LA Mag’s Billie Eilish Cover Shoot Shrouded in Drama

A feud that unfolded behind the scenes of a glitzy Los Angeles magazine cover story starring pop icon Billie Eilish left one photographer so aggrieved that he pulled his name from the finished product and ended his working relationship with the magazine altogether.

A source familiar with the photoshoot told The Daily Beast that the photographer, Shayan Asgharnia, wanted his name removed after the magazine gave final approval over the photographs to Eilish’s team during the session. Editor-in-chief Shirley Halperin confirmed in emails to The Daily Beast that Asgharnia did, indeed, ask for his credit to be scrapped from the December shoot as it went to press, but she said she did not know why.

Halperin said the magazine “worked closely” with Eilish and her team for the shoot “as is standard with major talent,” but she denied Eilish or her team had cover approval or creative control. A representative for Eilish also characterized the magazine cover shoot as a “unique collaboration” and a “collaborative affair,” but they said they did not get “final approval.”

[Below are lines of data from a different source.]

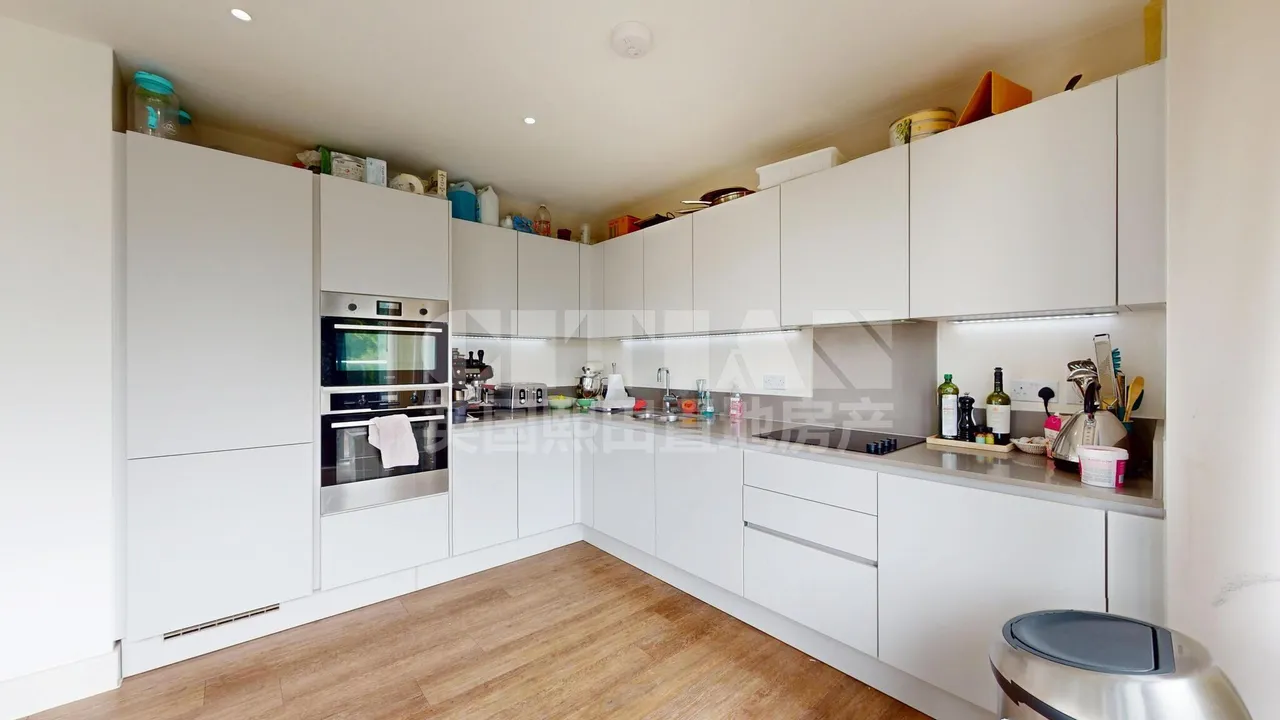Westleigh Avenue, London, SW15, photo 18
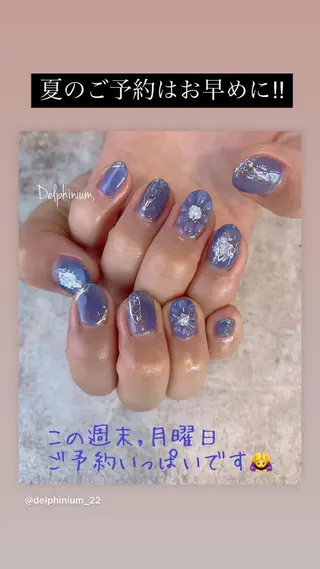 ネイル 岡本 友恵のネイルデザイン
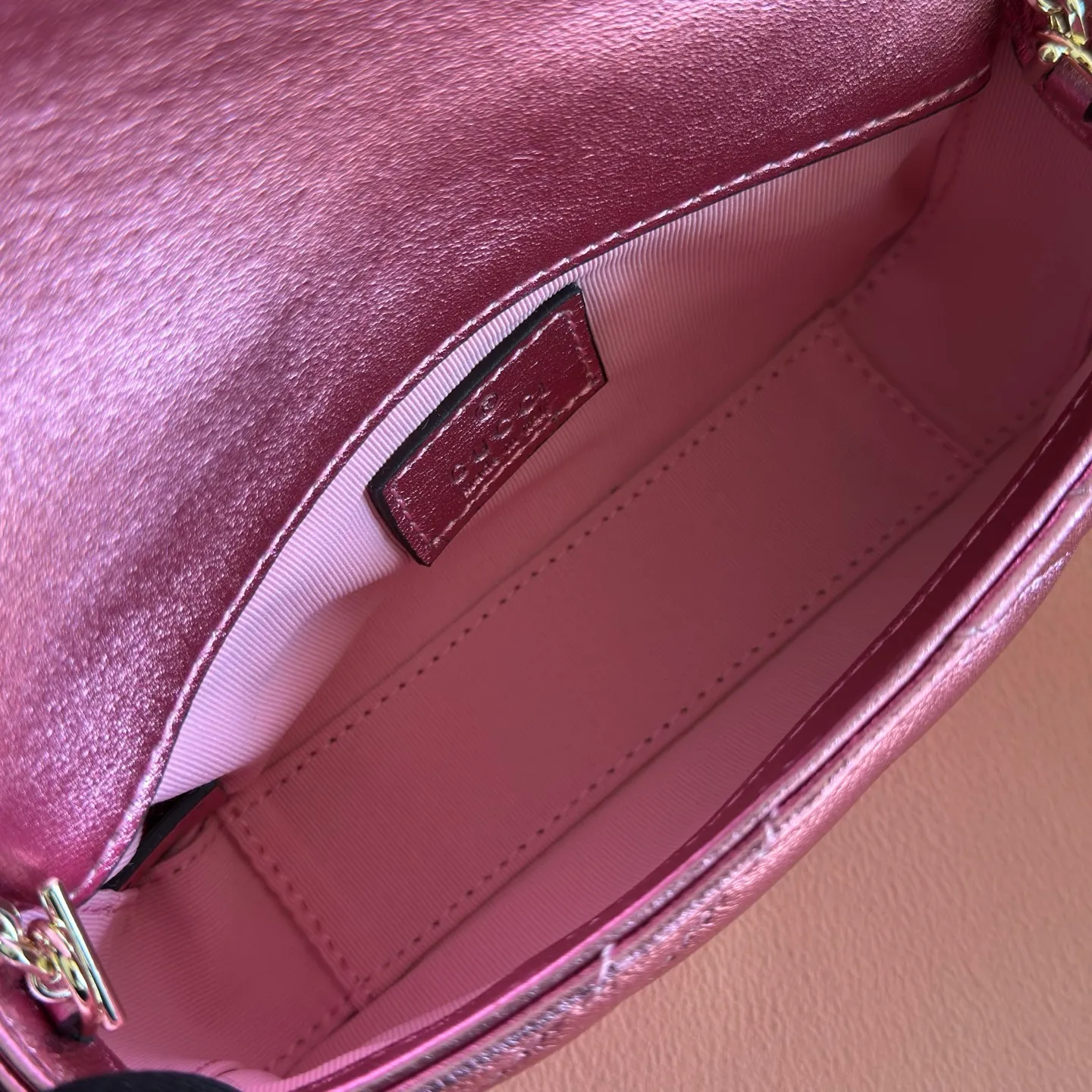 p860💋💋💋【With full set of original counter packaging】The brand’s iconic GG Marmont series is ingeniously integrated with double G-shaped accessories and faceted chain straps, and soft leather is selected to create a soft-lined bag shape. This mini bag is embellished with the brand's archive logo, which debuted in the 1970s. Silver V-shaped Matelassé sheepskin leather Silver-toned hardware Double G Chain shoulder strap (60 cm high) Magnetic snap fastening Weight: approx. 0.35 kg Model number: 841290. Dimensions: 16.5cm (width) x 9.5cm (height) x 4.5cm (depth) Color: pink gold sheepskin/original leather. Made in Italy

Asgharnia’s name does not appear anywhere on the magazine’s digital version of the cover story, which was published last November. The magazine’s print edition of the shoot lists the photographer as “Pixel Pusher,” while Asgharnia is listed as the photographer on the website for the shoot’s set designer. (An online search for a photographer named “Pixel Pusher” produced a Facebook page for a “Pixel Pusher Photography” based in Meridian, Mississippi).

The magazine’s decision to give Eilish’s team final approval without a prior consultation irked Asgharnia, according to the source.

The cover story centered around Eilish’s plans to open a plant-based restaurant in a Los Angeles neighborhood and the run-up to the 2024 Oscars, where she was expected to be nominated—and win—for her Barbie tune “What Was I Made For?” According to the source familiar with the shoot, during the actual cover session, Eilish’s publicist tried to take control of the artistic direction of the shoot before eventually demanding approval over the final photos.

Such a request is uncommon in the industry, and a photographer who worked for the magazine’s previous editor, Maer Roshan, told The Daily Beast that such a practice wouldn’t have occurred under his tenure.

The photog flare-up came after a series of personnel issues at the outlet since Halperin took over as editor-in-chief last year, following tenures at Billboard and Variety. The Daily Beast previously reported on Los Angeles taking months to pay freelancers following its purchase by Mark Geragos and Ben Meiselas last year.

Akili Ramsess, the executive director for the National Press Photographers Association, told The Daily Beast that the incident constitutes a breach of industry standards. If a magazine were to accept such a request from a publicist, it should be done before the shoot—and the photographer would have to be included in such discussions.

Otherwise, it would risk violating journalistic ethics, Ramsess said.

“You hire a specific photographer for the specific type of talent and skills that you’ve observed from previous assignments that you’ve had with them,” she explained. “So it breaks the relationship also to the photographer in the magazine.”

Asgharnia has worked on hundreds of photoshoots for brand deals, individuals, and magazines, including The New York Times Style Magazine, Texas Weekly, Ebony—and Los Angeles magazine. His name was on the website’s masthead as recently as October, according to an archived version of the website, though it was removed the month of the shoot.

It’s unclear whether the magazine plans to amend its policy on photo approval—or continue employing “Pixel Pusher”-like names where needed.